The interview session is going so well and you can bet the last coin in your bank account that you have this job in the proverbial bag. Then the question of how much you are expecting them to pay you hits you in the face and your steady train of well-thought answers halts. You have no experience on salary negotiation and you struggle to find a favorable answer that will not sound ridiculously high to the panel and at the same time, will not undervalue your skills and experience.You try to remember the calculations you made while seated at the reception, nothing comes to mind so you blurter, “I am ready to go with your existing pay scale.”The panel members cross their arms, exchange glances and seal a fate you will live each day at the work place regretting you had known better.
So how do you avoid putting yourself in a regrettable situation? The following pointers might come in handy.
- Understand that you MUST negotiate
There is not up for negotiation – pun intended. Salary negotiation is a must for your career. Understand that it is a business transaction where you are selling your experience and knowledge for the best price. The panel on the other side want the best package for the most affordable price. They will always start the discussion at the lowest because they expect you to negotiate your way up. Do not take it personally when the panel places what you consider beneath your expectation on the table. They too have a budget they have to work within and they want to stay within these limits as much as possible.
- Understand your Value
Self-awareness is extremely critical. Before the salary negotiation, you need to have a full understanding of your skills, capabilities, unique selling point, strengths and weaknesses. Conduct an honest SWOT analysis with the aim of knowing your strengths, weaknesses, threats and opportunities. For instance, if your qualifications match the requirements and you have the required experience it gives you more grounds for negotiation. If you lack experience, your unique selling point and individual strengths come in handy to assist you negotiate for your ideal salary.

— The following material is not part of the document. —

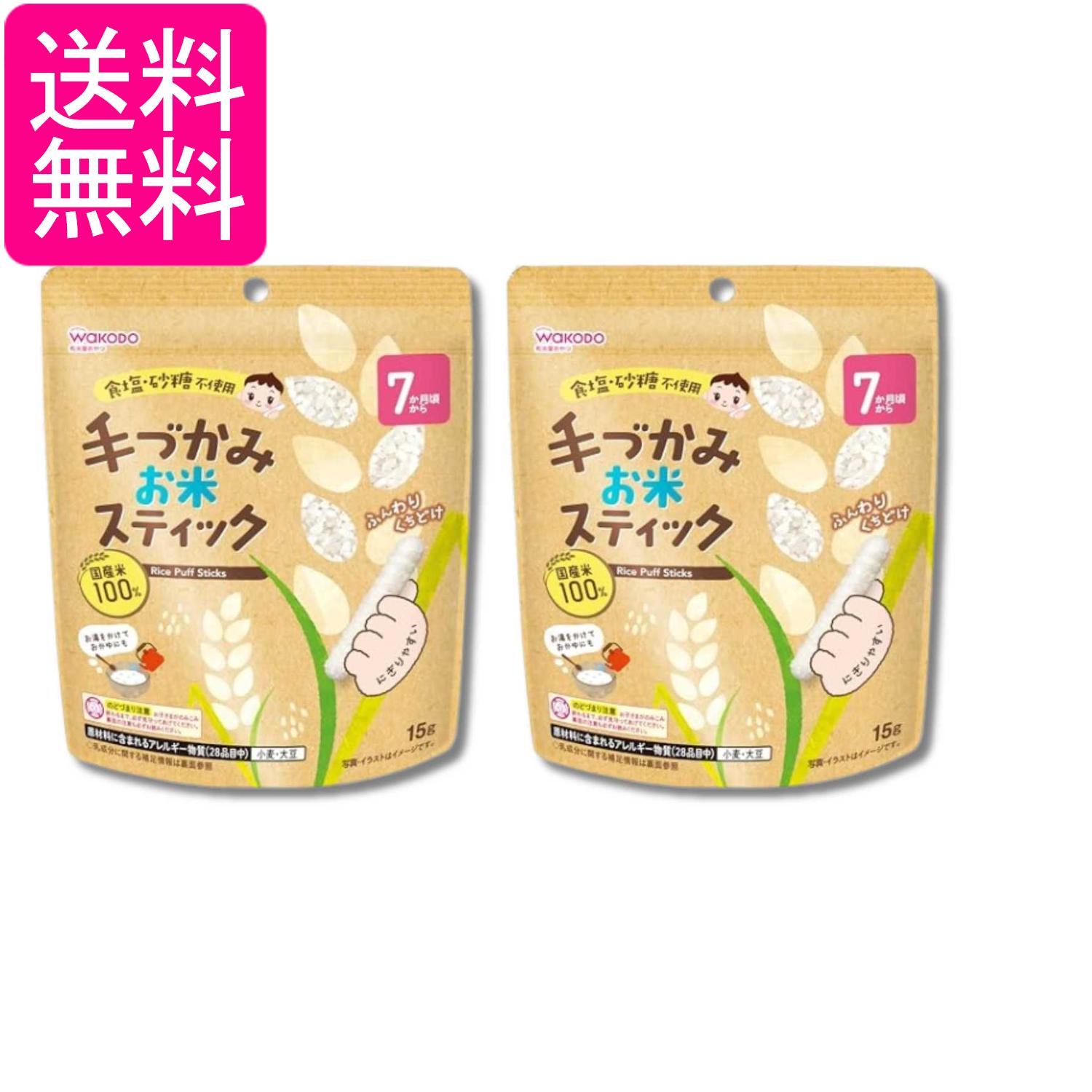 2個セット 和光堂 手づかみお米スティック 15g 7か月頃から 送料無料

- Understand your potential employer and the industry
You must conduct research about the position you will be interviewing for. Ask your professional connections the estimate value of the position in question. Look through job websites and concentrate on adverts that openly give a range of expected salary. With such information coupled with your experience and strengths, you can then formulate your ideal least acceptable value. Also, kindly note that a company’s pay scale will depend on its size, market share, annual revenue, among other factors. You most certainly don’t expect an SME to match a Big 5’s pay scale for a certain similar position.
- Understand that you must balance your negotiation
Money is an important factor to consider when considering a job offer, but it is not the only factor. There are times where the potential employer will present a fixed offer. Do not let that put you down. Probe about additional benefits, working hours, perks and bonuses, transport and meals, and do your research about the work environment. You might find that what you consider to be missing in the salary area is abundant on other benefits. Decide what is important to you and let it help you make your decision. You might not have power of negotiation about what goes to your bank account, but you definitely have the power to negotiate how you spend your time at work, your perks and bonuses, and your personal time. Learn to negotiate for the complete ideal package.

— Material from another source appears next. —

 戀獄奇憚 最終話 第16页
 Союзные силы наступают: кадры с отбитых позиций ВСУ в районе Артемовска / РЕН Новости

- Understand the modalities
First, you must understand that the salary talk should be last. You priority goal should be marketing your skills, experience and unique selling points. By the time the salary talk comes, your interviewers should have a clear picture of how lucky they will be to have you in their team.
You must fully understand the job at hand and your specific involvement. Write down the roles listed in the job advert for reference. During the entire interview listen to what the interviewers are saying and ask questions where necessary. Know who you will be reporting to as it will help you gauge the importance of the role in the company hierarchy. Ask about the company’s organogram. Such facts will help you in your negotiation.

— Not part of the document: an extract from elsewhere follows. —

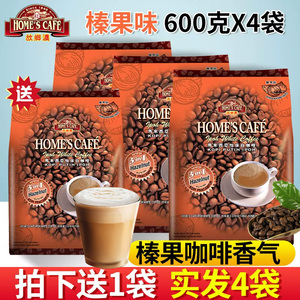 马来西亚怡保原装进口故乡浓原味白咖啡 三合一速溶咖啡600g条装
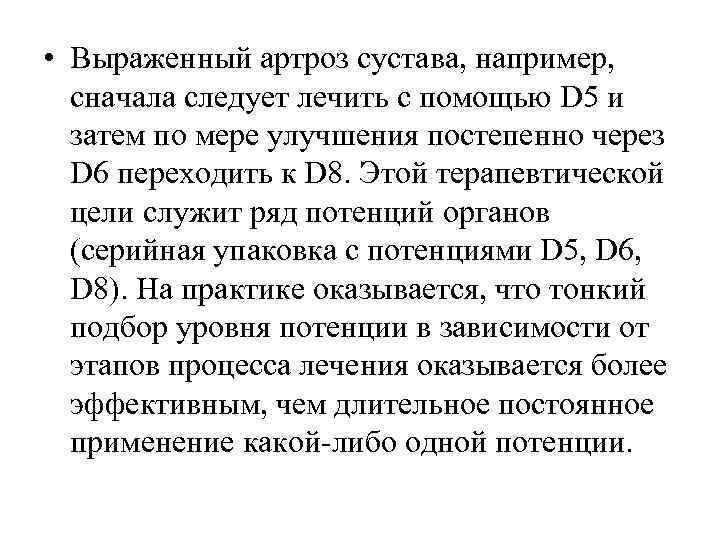  • Выраженный артроз сустава, например, сначала следует лечить с помощью D 5 и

Always take time to think. Even when an offer is made, pause and think about it. Jumping too quickly into a deal makes you look desperate and no one wants to hire a desperate employee. Any panel will respect your request for time to think about the offer. DO NOT mention that you need to consult your spouse or parent (even if you have to). You should always come across as a level- headed, above- average-intelligence adult, with the ability to make their own decisions.
When all is said and done, you will get what you negotiate. You know what you deserve, negotiate your way to it.